As 12 faixas alternam músicas instrumentais e outras com o vocalista Arthur Pessoa. Loa de Chegança abre com a participação do Coral Voz Ativa, que dá um tom de procissão à música - eles também cantam em Ciência Nordestina. Um som visionário invade a segunda faixa - Forró Esferográfico -, onde a tal caneta Bic transforma o violão em um misto de rabeca, cello e violino, num tom mais grave. Em Muganzé, Zé Guilherme parece um Antônio Conselheiro paraibano ao recitar seu texto em tom profético. A parte instrumental é tão forte no disco que os vocais chegam até a surpreender, como em Cangaço, quando Arthur só entra lá pela metade da música. Talvez aí esteja o único ponto a ser acertado em um próximo trabalho: a voz de Arthur é forte, contundente, deve ser mais (e melhor) aproveitada.
Depois de começar ensaiando no DCE da Universidade Federal da Paraíba, pegar caronas para chegar a São Paulo, tocar em congresso de funcionários públicos e outras "aventuras" típicas de bandas em início de carreira - e, principalmente, sem gravadora poderosa por trás - a Cabruêra conquistou um bom público na Paraíba e nos festivais por onde passou. "O disco foi produzido pela gente e por Rosildo Oliveira. Foi um pouco antes de embarcarmos para a Europa. Ainda deu tempo de prensar e levar 300", diz Orlando. "Se a gente tivesse levado mais, teria vendido todos. Já não tinha mais CD no quinto show - e foram 11 apresentações", completa Alexandre Magno (percussão e vocais).
O grupo encara o contrato com a Nikita como uma parceria. "O Felipe (Llerena, dono da gravadora) foi bem claro com a gente: `nós não vamos ser um pai para vocês, vamos trabalhar juntos'. E é isso mesmo, a gente quer que a gravadora tenha esse papel de difusão, fazendo uma boa distribuição do disco. O resto, estamos por nós mesmos", afirma Zé Guilherme.

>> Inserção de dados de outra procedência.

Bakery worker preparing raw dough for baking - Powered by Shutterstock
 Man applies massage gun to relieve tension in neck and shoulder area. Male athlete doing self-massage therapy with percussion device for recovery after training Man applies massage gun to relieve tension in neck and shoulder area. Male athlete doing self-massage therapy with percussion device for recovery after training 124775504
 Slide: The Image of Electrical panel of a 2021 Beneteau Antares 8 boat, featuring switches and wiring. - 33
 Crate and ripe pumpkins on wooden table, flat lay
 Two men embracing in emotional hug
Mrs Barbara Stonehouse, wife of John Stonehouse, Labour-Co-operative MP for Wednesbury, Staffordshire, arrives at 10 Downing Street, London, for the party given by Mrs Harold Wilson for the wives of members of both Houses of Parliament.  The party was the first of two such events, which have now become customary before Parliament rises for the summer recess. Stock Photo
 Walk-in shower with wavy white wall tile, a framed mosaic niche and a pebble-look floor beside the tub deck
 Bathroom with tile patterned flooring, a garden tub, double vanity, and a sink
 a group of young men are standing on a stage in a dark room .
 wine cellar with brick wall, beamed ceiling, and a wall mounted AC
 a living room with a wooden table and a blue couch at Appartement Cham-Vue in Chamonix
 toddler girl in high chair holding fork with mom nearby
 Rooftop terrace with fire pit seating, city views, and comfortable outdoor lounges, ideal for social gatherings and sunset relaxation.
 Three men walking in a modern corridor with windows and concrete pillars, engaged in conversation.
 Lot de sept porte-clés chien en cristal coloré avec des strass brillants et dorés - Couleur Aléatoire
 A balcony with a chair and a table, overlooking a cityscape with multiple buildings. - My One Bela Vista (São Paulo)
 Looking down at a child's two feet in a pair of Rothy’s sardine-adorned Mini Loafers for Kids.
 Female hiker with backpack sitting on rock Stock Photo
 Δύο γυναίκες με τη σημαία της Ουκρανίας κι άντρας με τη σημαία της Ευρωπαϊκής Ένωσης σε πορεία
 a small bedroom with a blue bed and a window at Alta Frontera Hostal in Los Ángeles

Vontade de trabalhar é que não falta: os seis se mudaram há um mês para o Rio, e ainda penam um pouco para se adaptar. "Ainda nem temos local para ensaiar", diz Tom Rocha (percussão e vocais).
Segundo Orlando, quem ouviu o disco vai perceber grandes diferenças no show ao vivo. "Estamos em uma nova fase, que traz desafios diferentes. Fomos amadurecendo, experimentando novas sonoridades", diz. Além das 12 músicas do CD - incluindo Forró Esferográfico, Certo Sertão e Pontal - o show inclui algumas composições inéditas. As experimentações foram mantidas: caneta como arco de violão, baixo e viola com varetas, lixa de unha na bateria são algumas "particularidades" no ousado e diferente som da Cabruêra.
Alexandre esclarece como as sonoridades pouco usuais foram sendo incorporadas: "A gente só foi experimentando. O que cada um tocava e se interessava, ia adotando. Chegou então o pifano, a viola de 12 cordas, depois o berimbau... A gente nunca teve preconceito nenhum. A sonoridade é acústica, não tem teclado nem samplers, mas tem um peso, uma pegada de rock. Usamos uma moringa que quebrou, mas podemos voltar a usar. Todas as estripulias que a gente faz são espontâneas, não tem direção de palco, marcação."